Exercise instructions
Nothing outside the range is wanted. Repeat exactly the lines below from the one with "Red design On White Base Ceramic Door Pull" through the one with "シルエットマムベビーシャ男女兼用ワー緑 招待状 (スタンド正面)".

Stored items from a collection
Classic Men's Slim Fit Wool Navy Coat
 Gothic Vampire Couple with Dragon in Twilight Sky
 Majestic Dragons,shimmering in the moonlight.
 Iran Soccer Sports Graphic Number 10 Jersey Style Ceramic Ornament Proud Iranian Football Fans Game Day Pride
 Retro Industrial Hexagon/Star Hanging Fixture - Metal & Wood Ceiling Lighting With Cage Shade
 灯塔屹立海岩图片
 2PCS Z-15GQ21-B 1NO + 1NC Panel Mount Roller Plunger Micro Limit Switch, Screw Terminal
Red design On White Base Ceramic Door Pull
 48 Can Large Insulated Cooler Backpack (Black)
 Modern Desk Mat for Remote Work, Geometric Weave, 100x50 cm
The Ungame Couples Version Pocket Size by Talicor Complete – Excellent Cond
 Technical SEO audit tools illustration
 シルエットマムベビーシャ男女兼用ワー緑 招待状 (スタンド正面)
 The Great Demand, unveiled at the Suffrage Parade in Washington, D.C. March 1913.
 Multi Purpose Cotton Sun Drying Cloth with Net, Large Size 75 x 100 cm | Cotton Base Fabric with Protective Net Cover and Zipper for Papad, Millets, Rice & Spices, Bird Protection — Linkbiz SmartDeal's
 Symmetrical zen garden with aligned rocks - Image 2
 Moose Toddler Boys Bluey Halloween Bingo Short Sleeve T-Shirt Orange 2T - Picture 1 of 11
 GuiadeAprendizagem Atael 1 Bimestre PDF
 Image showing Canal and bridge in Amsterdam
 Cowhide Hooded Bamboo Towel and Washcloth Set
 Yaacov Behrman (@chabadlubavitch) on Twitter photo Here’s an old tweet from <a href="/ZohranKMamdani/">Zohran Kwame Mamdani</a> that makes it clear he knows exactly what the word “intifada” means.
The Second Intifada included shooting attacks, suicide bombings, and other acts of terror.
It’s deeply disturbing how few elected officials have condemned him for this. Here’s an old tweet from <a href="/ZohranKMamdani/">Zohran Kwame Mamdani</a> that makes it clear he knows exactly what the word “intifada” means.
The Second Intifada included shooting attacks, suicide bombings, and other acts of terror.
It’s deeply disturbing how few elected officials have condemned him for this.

Expected answer
Red design On White Base Ceramic Door Pull
 48 Can Large Insulated Cooler Backpack (Black)
 Modern Desk Mat for Remote Work, Geometric Weave, 100x50 cm
The Ungame Couples Version Pocket Size by Talicor Complete – Excellent Cond
 Technical SEO audit tools illustration
 シルエットマムベビーシャ男女兼用ワー緑 招待状 (スタンド正面)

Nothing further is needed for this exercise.